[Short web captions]
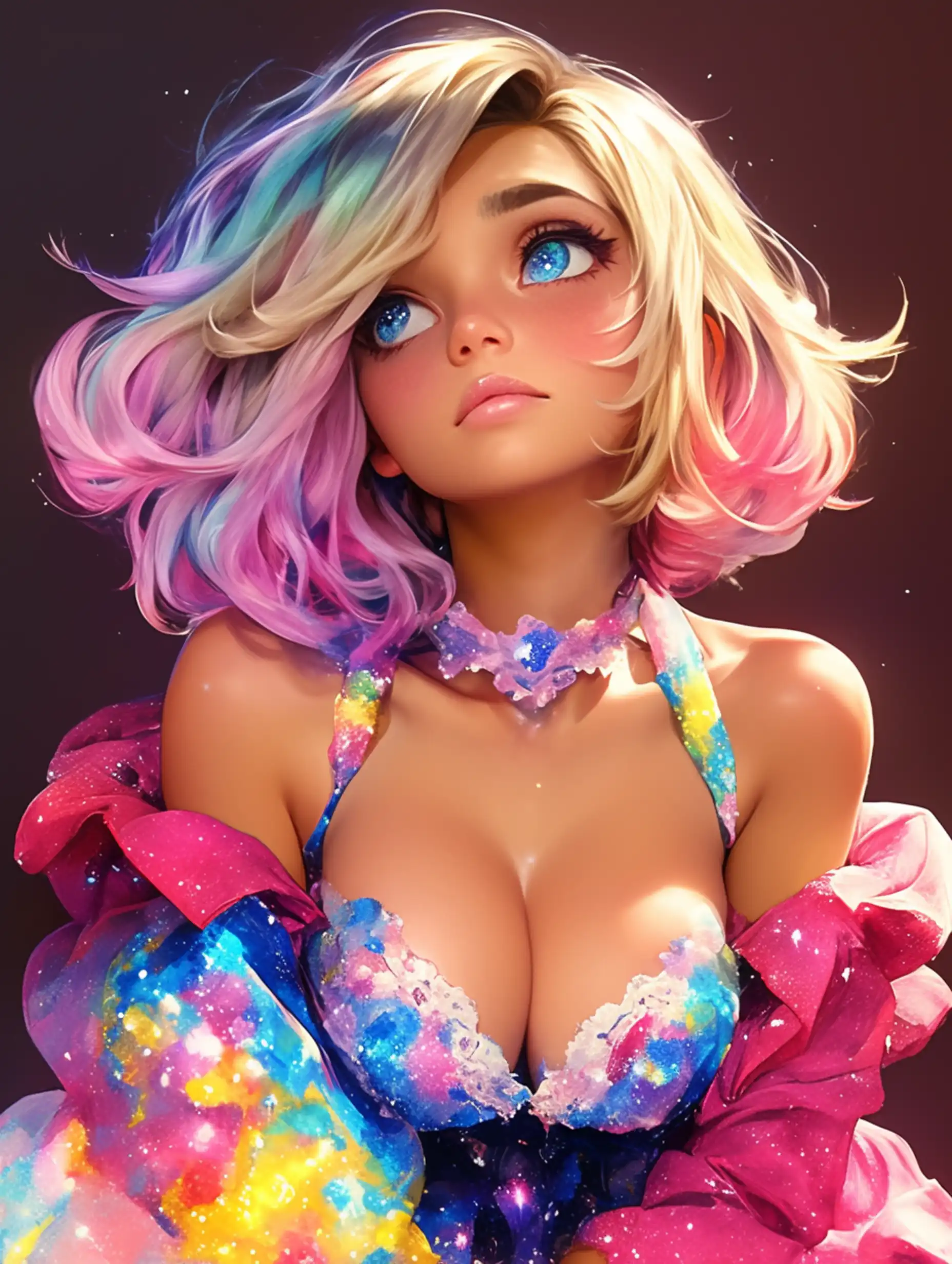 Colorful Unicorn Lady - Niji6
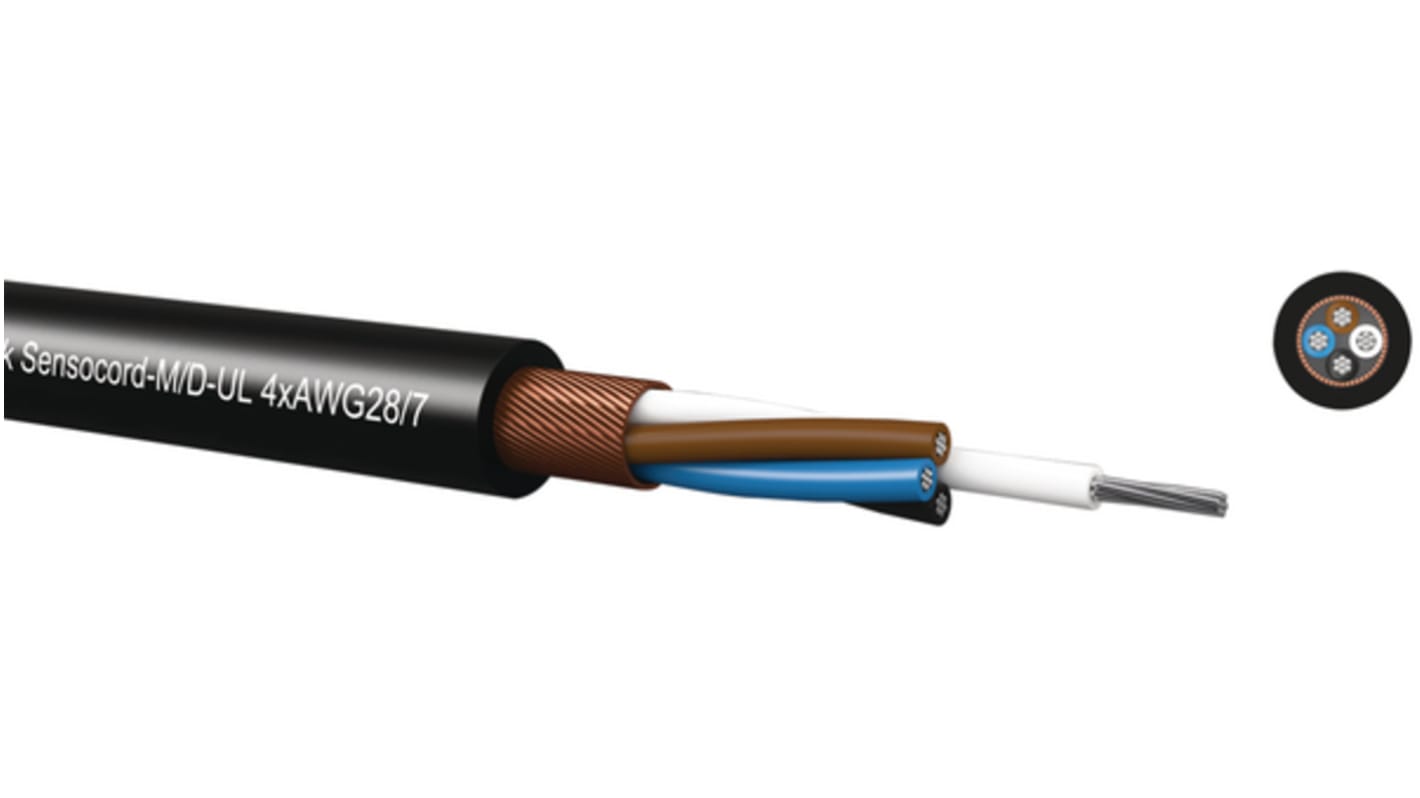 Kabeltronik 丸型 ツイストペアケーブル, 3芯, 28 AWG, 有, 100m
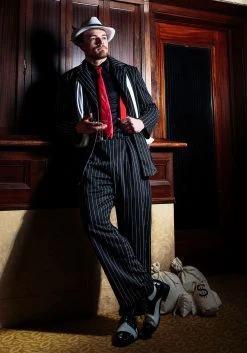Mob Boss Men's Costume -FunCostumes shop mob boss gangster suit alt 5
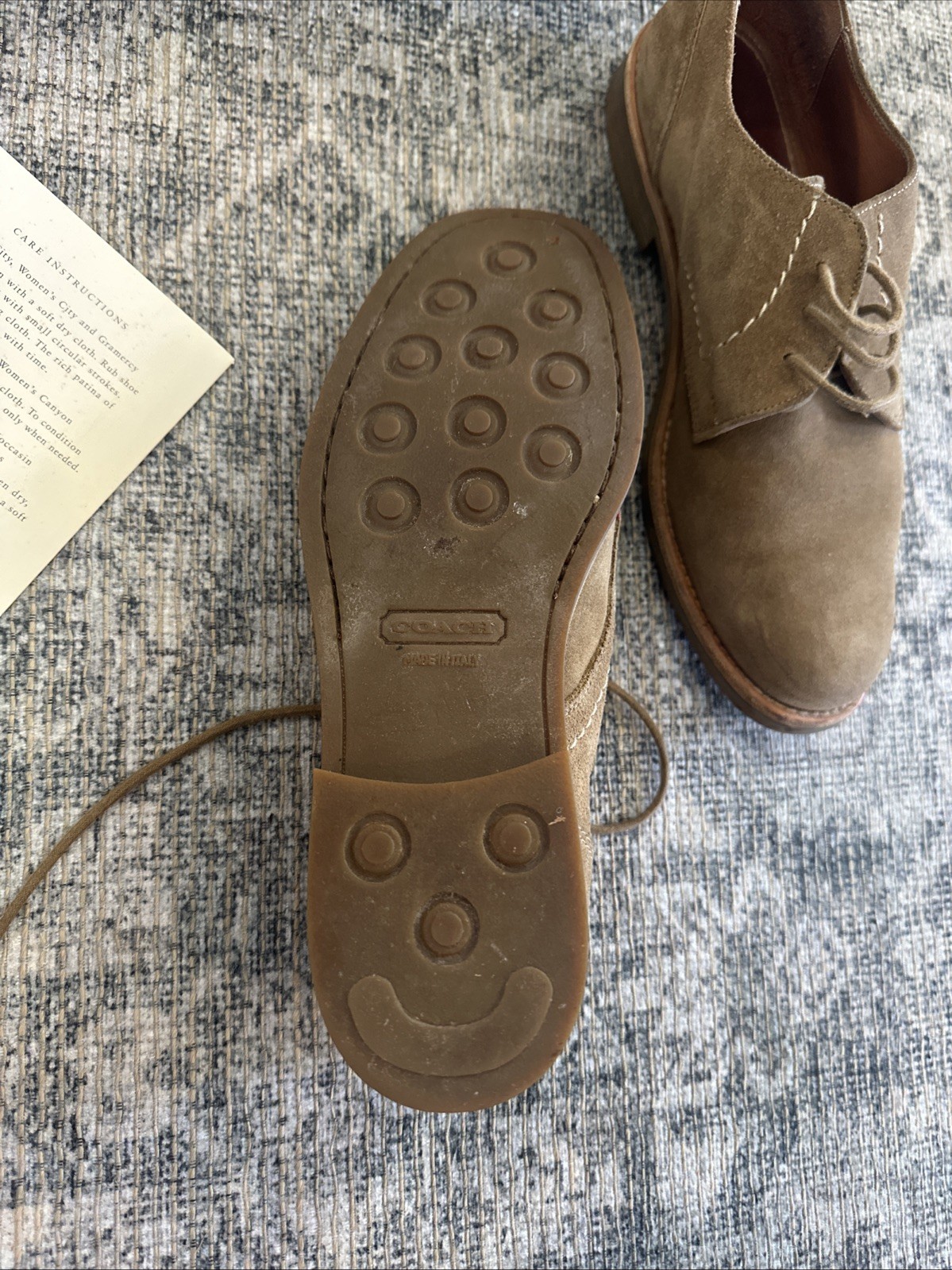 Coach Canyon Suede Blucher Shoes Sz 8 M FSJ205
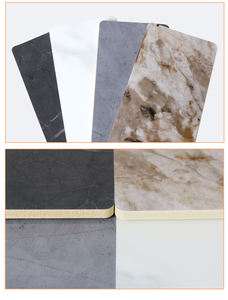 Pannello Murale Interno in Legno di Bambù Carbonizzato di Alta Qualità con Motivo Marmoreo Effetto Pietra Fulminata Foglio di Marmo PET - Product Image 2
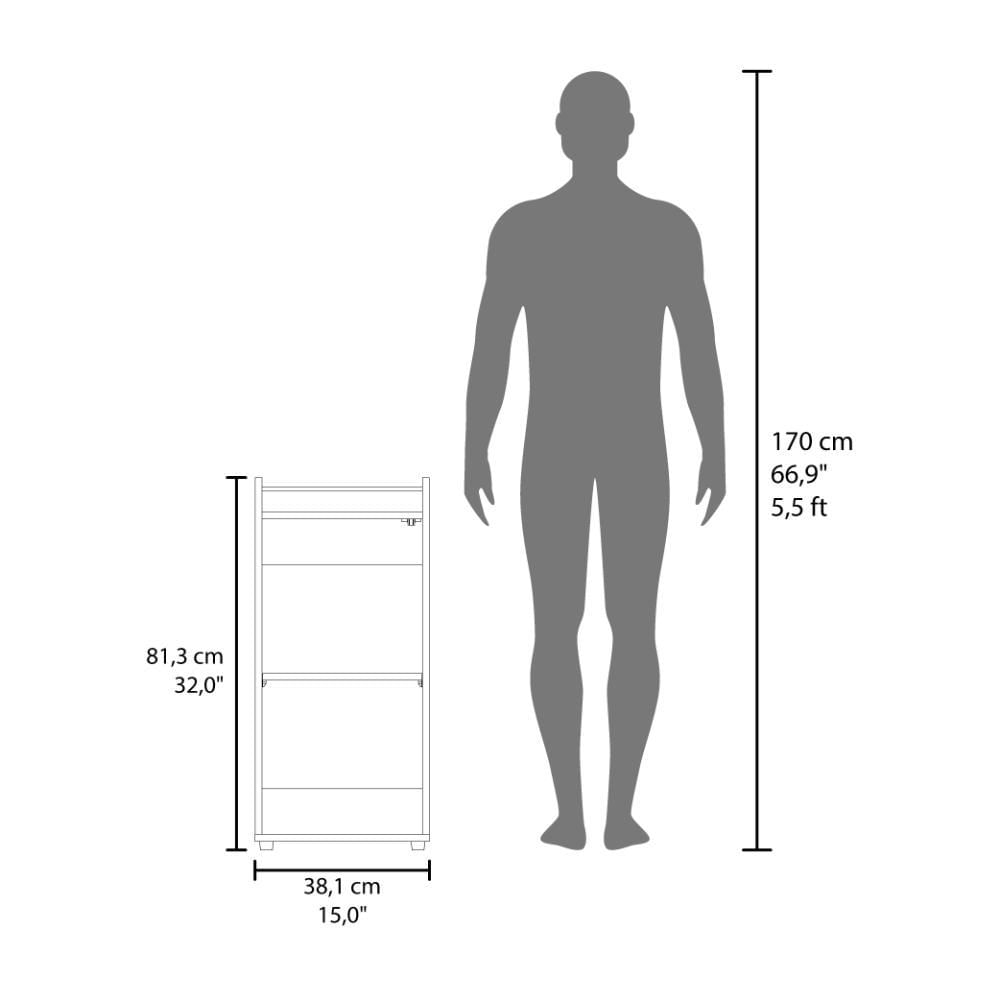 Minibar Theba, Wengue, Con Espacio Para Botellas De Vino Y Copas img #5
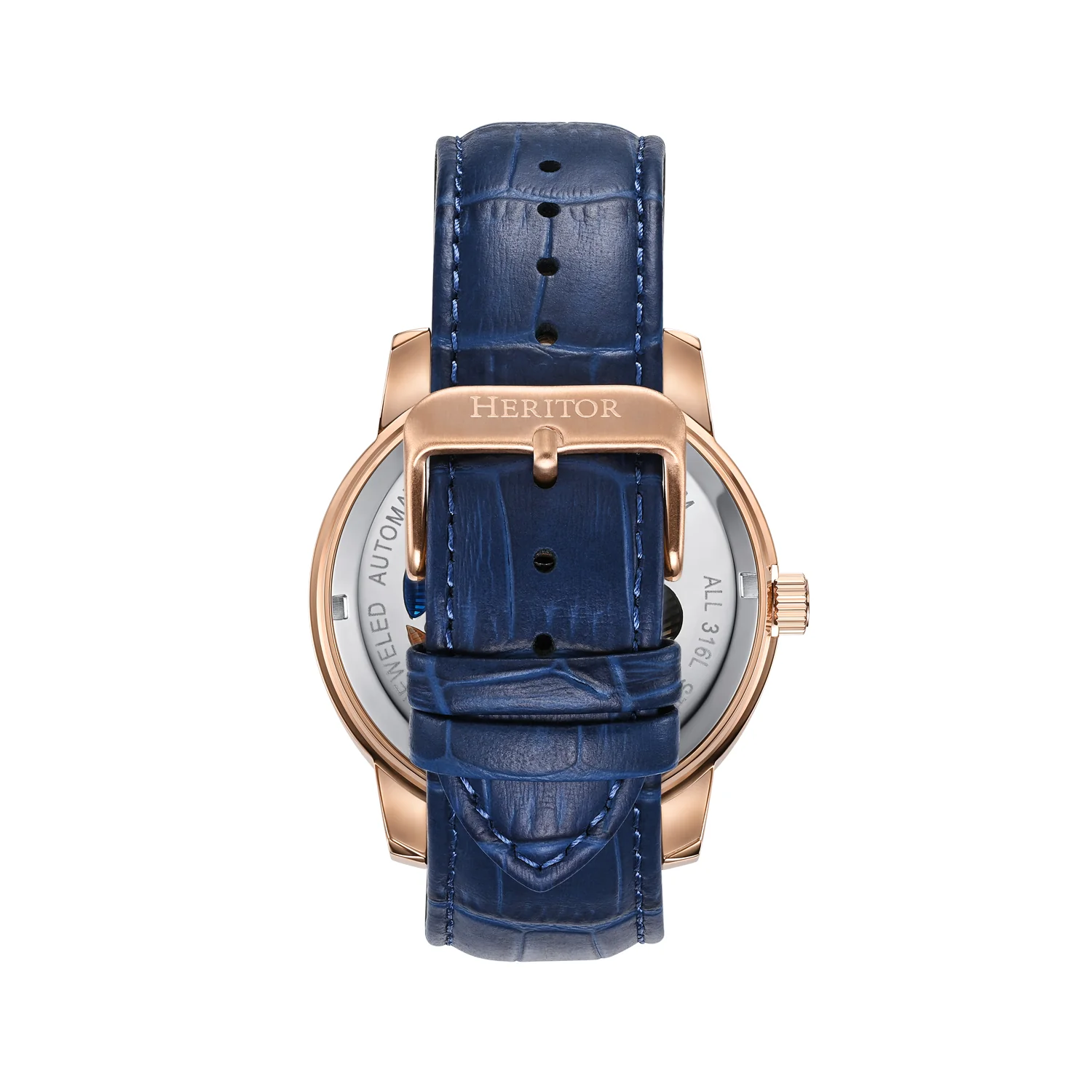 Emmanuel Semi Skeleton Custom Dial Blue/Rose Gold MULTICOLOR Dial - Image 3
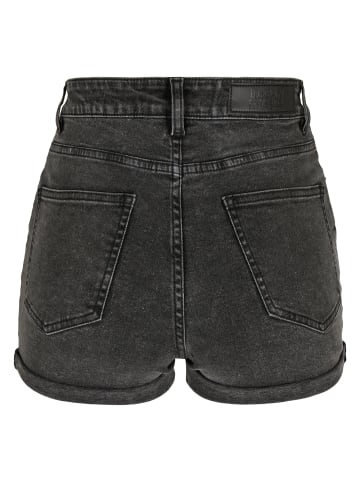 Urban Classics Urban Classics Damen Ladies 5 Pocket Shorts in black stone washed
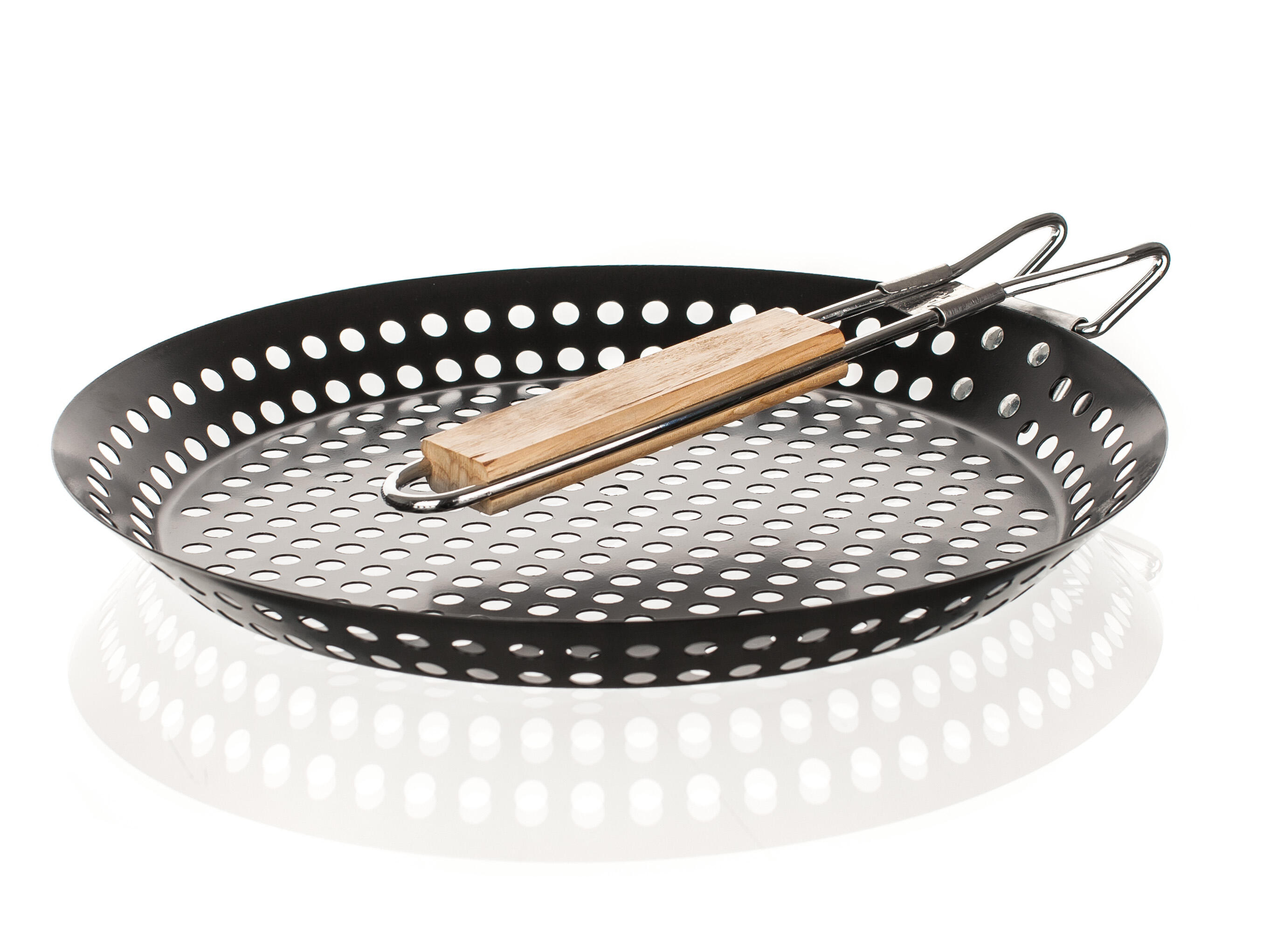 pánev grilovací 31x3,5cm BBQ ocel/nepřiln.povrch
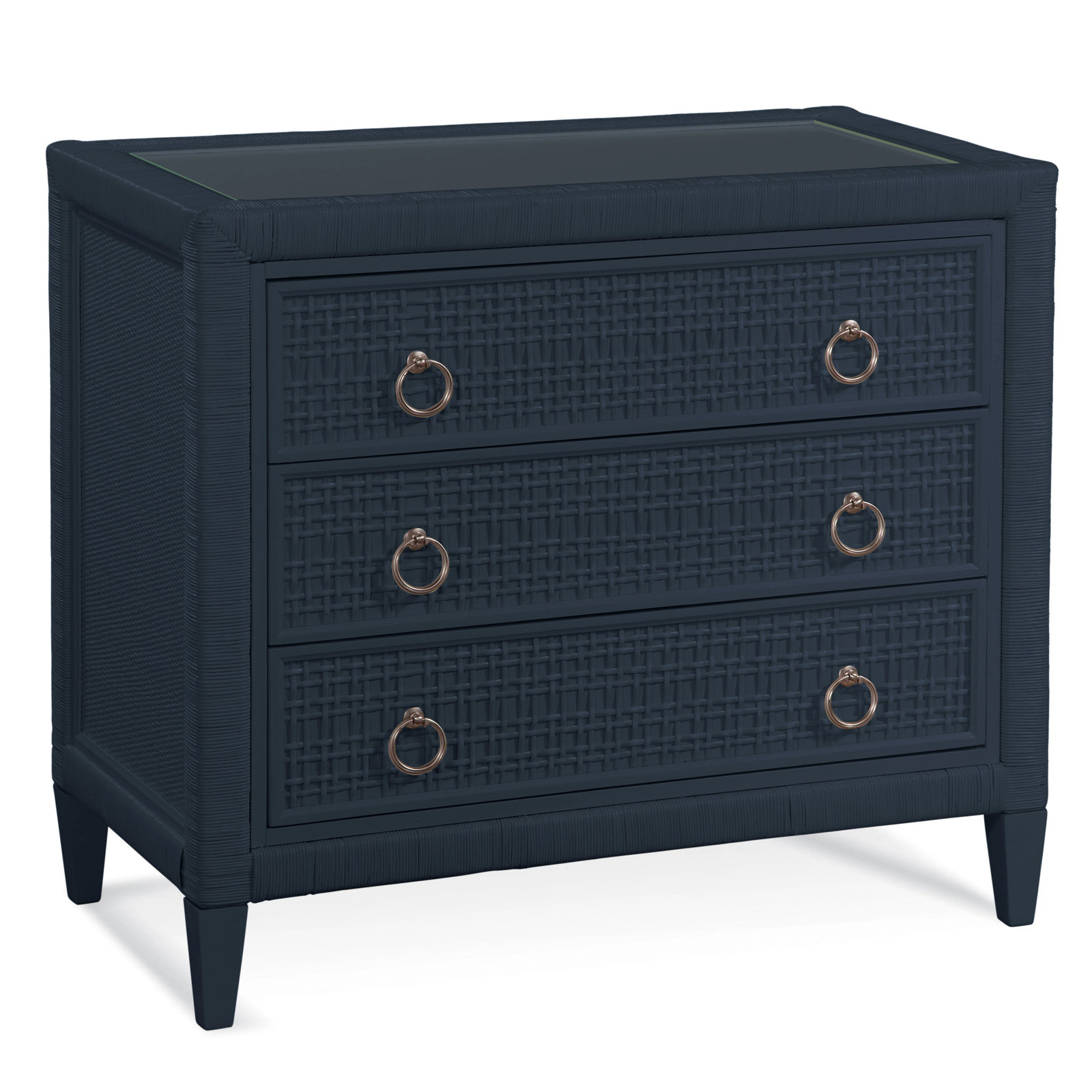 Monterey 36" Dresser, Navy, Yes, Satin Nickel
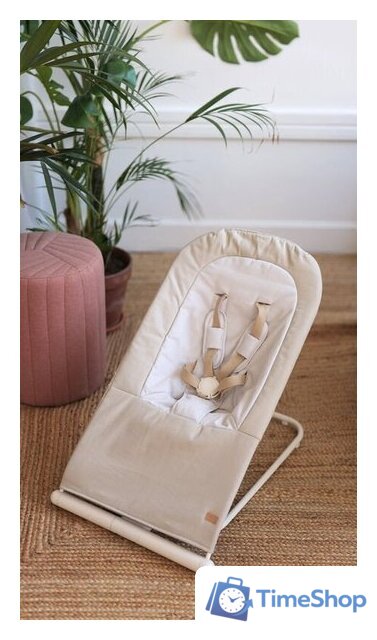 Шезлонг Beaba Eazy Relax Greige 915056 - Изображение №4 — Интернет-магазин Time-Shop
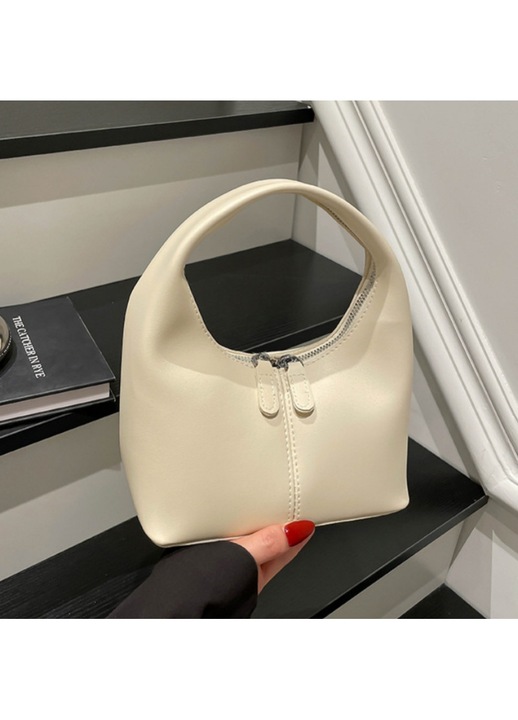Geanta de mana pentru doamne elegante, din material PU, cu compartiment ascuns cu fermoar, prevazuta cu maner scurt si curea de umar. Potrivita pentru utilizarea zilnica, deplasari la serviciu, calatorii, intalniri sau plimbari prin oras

TASK BRIEF
Set the pictures aside and transcribe exactly the stretch of lines above, beginning with the one holding "Kabeltronik 丸型 ツイストペアケーブル, 3芯, 28" and ending with the one holding "pánev grilovací 31x3,5cm".

ANSWER SPACE
 Kabeltronik 丸型 ツイストペアケーブル, 3芯, 28 AWG, 有, 100m
Mob Boss Men's Costume -FunCostumes shop mob boss gangster suit alt 5
 Coach Canyon Suede Blucher Shoes Sz 8 M FSJ205
 Pannello Murale Interno in Legno di Bambù Carbonizzato di Alta Qualità con Motivo Marmoreo Effetto Pietra Fulminata Foglio di Marmo PET - Product Image 2
 Minibar Theba, Wengue, Con Espacio Para Botellas De Vino Y Copas img #5
 Emmanuel Semi Skeleton Custom Dial Blue/Rose Gold MULTICOLOR Dial - Image 3
 Urban Classics Urban Classics Damen Ladies 5 Pocket Shorts in black stone washed
 pánev grilovací 31x3,5cm BBQ ocel/nepřiln.povrch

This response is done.